We are using the metric of ‘accuracy‘ to evaluate models.
3.Build Models
We don’t know which algorithm would be good on this problem
Let’s test 6 different algorithms(mixture of linear and non-linear algorithms):
- Logistic regression
- Linear discriminant Analysis
- K-Nearest Neighbour
- Classification and Regression Trees
- Gaussian Naive Bayes
- Support Vector Machines
Build and evaluate our models:
#check algorithms
models = []
models.append(('LR', LogisticRegression(solver='liblinear', multi_class='ovr')))
models.append(('LDA', LinearDiscriminantAnalysis()))
models.append(('KNN', KNeighborsClassifier()))
models.append(('CART', DecisionTreeClassifier()))
models.append(('NB', GaussianNB()))
models.append(('SVM', SVC(gamma='auto')))
# evaluate each model in turn
results = []
names = []
for name, model in models:
kfold = StratifiedKFold(n_splits=10, random_state=1, shuffle=True)
cv_results = cross_val_score(model, X_train, Y_train, cv=kfold, scoring='accuracy')
results.append(cv_results)
names.append(name)
print('%s: %f (%f)' % (name, cv_results.mean(), cv_results.std()))
4.Select Best Model
We now have 6 models and accuracy estimations for each. We need to compare the models to each other and select the most accurate.
# Compare Algorithms
pyplot.boxplot(results, labels=names)
pyplot.title('Algorithm Comparison')
pyplot.show()

We can see that the box and whisker plots are squashed at the top of the range, with many evaluations achieving 100% accuracy, and some pushing down into the high 80% accuracies.
6.Make Predictions
We must choose an algorithm to use to make predictions.
The results in the previous section suggest that the SVM was perhaps the most accurate model. We will use this model as our final model.
Now we want to get an idea of the accuracy of the model on our validation set.
It is valuable to keep a validation set just in case you made a slip during training, such as overfitting to the training set or a data leak. Both of these issues will result in an overly optimistic result.
Make Predictions
We can fit the model on the entire training dataset and make predictions on the validation dataset.

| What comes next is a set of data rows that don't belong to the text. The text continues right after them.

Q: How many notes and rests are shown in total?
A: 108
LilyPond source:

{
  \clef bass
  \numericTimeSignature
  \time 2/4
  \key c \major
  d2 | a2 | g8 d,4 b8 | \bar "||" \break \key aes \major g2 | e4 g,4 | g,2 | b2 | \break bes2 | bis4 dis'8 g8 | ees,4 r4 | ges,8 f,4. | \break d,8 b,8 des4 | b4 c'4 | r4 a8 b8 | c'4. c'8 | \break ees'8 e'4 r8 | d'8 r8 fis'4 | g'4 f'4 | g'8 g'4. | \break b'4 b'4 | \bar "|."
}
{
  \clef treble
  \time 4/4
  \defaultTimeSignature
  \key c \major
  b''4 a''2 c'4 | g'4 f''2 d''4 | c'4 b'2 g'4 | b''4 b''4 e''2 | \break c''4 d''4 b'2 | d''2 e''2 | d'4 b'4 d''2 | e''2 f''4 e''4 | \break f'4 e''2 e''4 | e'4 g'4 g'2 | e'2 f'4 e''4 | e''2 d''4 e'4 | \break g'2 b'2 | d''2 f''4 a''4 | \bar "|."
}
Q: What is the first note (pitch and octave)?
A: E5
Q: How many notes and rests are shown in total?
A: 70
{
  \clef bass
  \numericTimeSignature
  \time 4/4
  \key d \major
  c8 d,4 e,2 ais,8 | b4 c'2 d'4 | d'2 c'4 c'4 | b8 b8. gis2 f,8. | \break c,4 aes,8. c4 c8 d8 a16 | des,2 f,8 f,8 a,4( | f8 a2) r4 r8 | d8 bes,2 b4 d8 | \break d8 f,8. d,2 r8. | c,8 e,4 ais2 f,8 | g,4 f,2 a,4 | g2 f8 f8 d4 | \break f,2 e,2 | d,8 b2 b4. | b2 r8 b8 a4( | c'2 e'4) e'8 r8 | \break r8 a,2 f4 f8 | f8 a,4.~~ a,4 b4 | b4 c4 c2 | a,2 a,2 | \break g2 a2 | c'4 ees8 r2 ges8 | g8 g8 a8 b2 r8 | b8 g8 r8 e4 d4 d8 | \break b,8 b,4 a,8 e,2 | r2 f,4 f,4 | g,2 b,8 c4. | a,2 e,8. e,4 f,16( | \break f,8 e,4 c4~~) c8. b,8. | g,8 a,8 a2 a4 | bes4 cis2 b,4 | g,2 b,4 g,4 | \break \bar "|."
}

# Make predictions on validation dataset
model = SVC(gamma='auto')
model.fit(X_train, Y_train)
predictions = model.predict(X_validation)
Evaluate Predictions
We can evaluate the predictions by comparing them to the expected results in the validation set, then calculate classification accuracy, as well as a confusion matrix and a classification report.
# Evaluate predictions
print(accuracy_score(Y_validation, predictions))
print(confusion_matrix(Y_validation, predictions))
print(classification_report(Y_validation, predictions))
Finally, the classification report provides a breakdown of each class by precision, recall, f1-score and support showing excellent results.

We can see that the accuracy is 0.966 or about 96% on the hold out dataset.